The internet has been up in arms since the release this week of the trailer for “Nina,” the upcoming movie about Nina Simone. Star Zoe Saldana, while clearly acting her heart out, looks like she’s wearing blackface to play the much darker-skinned jazz musician, who became an outspoken civil rights activist and eventually an expat recluse before making a comeback of sorts — which looks to be the central subject of the film.

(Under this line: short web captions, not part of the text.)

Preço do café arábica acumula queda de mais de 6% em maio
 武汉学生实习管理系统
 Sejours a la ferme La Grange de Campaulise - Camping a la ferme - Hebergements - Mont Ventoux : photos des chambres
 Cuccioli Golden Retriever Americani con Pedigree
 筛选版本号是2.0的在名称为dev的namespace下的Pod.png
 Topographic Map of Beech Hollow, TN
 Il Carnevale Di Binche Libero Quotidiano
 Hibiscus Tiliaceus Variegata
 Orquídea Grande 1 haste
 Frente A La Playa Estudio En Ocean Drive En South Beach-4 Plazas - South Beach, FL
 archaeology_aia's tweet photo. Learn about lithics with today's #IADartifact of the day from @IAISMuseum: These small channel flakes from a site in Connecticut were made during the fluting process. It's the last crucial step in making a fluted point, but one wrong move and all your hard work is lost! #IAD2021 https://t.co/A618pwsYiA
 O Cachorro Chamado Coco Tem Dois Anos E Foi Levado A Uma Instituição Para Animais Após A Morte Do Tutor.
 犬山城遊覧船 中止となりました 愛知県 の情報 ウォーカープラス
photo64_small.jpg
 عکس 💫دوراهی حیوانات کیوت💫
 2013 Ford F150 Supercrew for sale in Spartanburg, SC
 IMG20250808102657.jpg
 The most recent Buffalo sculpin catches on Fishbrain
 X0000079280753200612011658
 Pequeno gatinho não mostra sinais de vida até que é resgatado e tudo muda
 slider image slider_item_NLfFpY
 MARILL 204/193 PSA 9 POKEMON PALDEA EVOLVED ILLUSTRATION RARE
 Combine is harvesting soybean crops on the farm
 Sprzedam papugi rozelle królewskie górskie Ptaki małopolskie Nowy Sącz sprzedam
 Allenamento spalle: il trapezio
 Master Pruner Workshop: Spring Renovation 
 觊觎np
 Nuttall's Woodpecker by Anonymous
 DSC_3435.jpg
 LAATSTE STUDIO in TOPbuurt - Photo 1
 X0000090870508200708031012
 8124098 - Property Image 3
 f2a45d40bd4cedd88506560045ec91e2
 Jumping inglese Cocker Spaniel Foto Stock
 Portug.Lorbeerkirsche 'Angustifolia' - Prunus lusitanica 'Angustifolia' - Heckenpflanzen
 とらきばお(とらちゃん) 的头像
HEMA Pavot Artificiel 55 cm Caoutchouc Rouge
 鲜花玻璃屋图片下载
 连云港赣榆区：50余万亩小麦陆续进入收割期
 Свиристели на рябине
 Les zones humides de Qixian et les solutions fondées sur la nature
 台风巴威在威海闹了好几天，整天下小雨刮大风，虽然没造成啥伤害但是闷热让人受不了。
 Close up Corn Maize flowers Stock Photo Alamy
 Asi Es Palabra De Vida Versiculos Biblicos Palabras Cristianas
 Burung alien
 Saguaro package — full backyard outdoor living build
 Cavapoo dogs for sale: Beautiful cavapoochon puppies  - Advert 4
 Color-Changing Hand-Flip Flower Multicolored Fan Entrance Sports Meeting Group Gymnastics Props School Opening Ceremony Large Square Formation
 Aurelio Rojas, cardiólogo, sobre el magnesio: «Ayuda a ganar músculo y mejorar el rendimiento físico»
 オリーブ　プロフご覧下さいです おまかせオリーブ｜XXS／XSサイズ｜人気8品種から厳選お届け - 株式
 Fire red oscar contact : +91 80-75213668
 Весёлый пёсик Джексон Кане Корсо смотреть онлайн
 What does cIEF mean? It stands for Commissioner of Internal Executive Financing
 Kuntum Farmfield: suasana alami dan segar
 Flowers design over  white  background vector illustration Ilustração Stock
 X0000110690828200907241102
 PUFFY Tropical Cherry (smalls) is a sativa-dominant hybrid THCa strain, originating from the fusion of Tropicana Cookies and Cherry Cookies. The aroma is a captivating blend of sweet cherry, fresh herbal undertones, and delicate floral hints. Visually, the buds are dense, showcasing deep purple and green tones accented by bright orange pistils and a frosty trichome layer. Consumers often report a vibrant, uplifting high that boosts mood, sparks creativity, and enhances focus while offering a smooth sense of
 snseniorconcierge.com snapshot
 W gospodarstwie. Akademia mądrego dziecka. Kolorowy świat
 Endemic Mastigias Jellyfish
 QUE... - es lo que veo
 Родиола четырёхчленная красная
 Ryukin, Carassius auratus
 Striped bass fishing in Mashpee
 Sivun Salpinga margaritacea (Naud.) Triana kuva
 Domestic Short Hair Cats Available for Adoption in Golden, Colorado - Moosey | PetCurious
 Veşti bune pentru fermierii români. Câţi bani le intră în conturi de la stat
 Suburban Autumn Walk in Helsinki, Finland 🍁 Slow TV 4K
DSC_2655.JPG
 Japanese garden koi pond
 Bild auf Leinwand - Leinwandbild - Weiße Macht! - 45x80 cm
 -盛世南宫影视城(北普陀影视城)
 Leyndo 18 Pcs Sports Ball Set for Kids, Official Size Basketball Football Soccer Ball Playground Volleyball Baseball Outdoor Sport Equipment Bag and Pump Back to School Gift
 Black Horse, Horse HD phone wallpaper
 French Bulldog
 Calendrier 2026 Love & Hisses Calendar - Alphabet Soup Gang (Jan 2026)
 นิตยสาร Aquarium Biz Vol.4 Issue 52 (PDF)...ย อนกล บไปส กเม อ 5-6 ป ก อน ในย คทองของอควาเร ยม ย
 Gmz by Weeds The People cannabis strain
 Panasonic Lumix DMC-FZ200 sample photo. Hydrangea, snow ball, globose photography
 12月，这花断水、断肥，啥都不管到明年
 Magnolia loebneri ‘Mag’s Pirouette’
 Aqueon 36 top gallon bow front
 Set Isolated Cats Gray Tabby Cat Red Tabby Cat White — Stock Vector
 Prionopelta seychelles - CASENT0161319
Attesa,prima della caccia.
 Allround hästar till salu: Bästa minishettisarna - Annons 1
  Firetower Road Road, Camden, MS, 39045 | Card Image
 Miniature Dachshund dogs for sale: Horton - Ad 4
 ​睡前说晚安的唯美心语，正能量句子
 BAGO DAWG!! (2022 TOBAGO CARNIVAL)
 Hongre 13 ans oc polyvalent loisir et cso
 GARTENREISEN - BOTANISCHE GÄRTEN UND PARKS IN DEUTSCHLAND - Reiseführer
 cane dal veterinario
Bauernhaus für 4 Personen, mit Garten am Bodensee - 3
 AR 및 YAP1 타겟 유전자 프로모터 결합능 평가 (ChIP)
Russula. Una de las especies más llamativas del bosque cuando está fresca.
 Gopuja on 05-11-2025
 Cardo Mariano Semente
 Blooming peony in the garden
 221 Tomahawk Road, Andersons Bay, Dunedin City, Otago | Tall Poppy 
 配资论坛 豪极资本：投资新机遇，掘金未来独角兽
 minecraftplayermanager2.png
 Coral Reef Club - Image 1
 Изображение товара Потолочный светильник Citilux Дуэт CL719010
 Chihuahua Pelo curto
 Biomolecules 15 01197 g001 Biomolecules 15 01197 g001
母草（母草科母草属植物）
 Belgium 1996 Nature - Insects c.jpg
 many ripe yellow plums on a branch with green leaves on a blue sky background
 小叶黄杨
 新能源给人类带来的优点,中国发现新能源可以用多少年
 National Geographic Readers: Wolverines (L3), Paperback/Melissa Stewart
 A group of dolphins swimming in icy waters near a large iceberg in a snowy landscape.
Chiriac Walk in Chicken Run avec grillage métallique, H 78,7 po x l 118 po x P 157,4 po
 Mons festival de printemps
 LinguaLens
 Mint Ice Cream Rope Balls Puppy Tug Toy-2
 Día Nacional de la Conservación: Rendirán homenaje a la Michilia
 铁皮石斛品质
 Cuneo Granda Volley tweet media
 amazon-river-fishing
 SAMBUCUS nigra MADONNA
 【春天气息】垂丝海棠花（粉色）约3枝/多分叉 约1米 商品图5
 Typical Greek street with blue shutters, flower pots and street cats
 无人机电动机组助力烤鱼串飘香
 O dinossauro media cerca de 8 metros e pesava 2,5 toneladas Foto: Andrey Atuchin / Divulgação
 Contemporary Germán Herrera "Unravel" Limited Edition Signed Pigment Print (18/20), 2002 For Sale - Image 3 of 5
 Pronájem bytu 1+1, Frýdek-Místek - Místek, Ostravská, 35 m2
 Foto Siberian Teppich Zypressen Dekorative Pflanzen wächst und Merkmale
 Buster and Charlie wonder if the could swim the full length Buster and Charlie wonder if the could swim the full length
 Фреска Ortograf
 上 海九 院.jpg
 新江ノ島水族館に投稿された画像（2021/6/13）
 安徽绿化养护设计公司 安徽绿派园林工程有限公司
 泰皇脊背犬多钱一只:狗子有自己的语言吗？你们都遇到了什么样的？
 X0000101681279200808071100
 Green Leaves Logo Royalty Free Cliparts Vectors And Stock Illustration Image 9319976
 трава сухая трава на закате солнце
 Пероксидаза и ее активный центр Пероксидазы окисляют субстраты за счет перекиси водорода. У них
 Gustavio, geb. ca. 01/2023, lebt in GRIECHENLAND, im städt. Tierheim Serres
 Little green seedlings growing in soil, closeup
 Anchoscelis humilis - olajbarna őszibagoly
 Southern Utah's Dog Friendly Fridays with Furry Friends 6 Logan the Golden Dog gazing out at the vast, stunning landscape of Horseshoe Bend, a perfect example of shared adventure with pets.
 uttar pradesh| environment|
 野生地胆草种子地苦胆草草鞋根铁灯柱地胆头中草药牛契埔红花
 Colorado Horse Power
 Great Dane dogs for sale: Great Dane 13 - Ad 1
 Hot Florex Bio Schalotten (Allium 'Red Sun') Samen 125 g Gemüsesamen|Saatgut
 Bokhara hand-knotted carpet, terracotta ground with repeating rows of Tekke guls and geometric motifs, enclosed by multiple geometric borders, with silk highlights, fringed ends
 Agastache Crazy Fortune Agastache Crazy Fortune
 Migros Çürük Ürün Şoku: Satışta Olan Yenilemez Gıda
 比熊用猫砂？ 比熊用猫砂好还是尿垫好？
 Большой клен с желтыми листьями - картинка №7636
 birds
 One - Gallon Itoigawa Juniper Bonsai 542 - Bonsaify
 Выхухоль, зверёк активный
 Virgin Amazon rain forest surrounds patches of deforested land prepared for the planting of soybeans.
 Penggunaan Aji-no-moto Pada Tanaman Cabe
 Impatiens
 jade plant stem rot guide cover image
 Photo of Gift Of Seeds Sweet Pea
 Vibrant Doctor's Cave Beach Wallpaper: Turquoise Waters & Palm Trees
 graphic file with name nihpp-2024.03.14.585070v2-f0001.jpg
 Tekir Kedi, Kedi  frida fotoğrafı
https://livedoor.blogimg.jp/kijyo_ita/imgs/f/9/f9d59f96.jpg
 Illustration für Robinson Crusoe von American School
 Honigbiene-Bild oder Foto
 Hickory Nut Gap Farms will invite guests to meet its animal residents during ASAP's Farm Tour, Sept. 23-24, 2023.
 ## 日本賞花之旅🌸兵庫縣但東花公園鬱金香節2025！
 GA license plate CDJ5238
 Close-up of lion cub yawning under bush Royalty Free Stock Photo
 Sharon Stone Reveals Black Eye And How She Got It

Simone’s estate weighed in earlier this week, responding to a tweet by Saldana referencing one of Simone’s famous quotes: “I’ll tell you what freedom is to me — No Fear . . . I mean really, no fear.”

“Cool story but please take Nina’s name out your mouth,” @NinaSimoneMusic responded. “For the rest of your life.”

The real question is: Why did anyone greenlight this impending disaster in the first place? Did any of the (nearly all-white) people working on the movie actually know anything about Simone going into it? She was a prominent and controversy-courting pro-black voice, a supporter of Malcolm X and a friend of Eldridge Cleaver and Stokely Carmichael, and a composer and performer of angry, despairing songs about racism like “Mississippi Goddam,” which she wrote in response to 1963’s Birmingham church bombing and murder of Medgar Evers.

Is there anyone less well-suited to be played by an actress in skin-darkening makeup? This is a woman who said: “To me, we are the most beautiful creatures in the world — black people. So, my job is to make them more curious about where they came from and their own identity and pride in that identity.” And “this is what compels me to push black people. To identify with black culture: giving out to them that Black-Ness; that Black-Power.”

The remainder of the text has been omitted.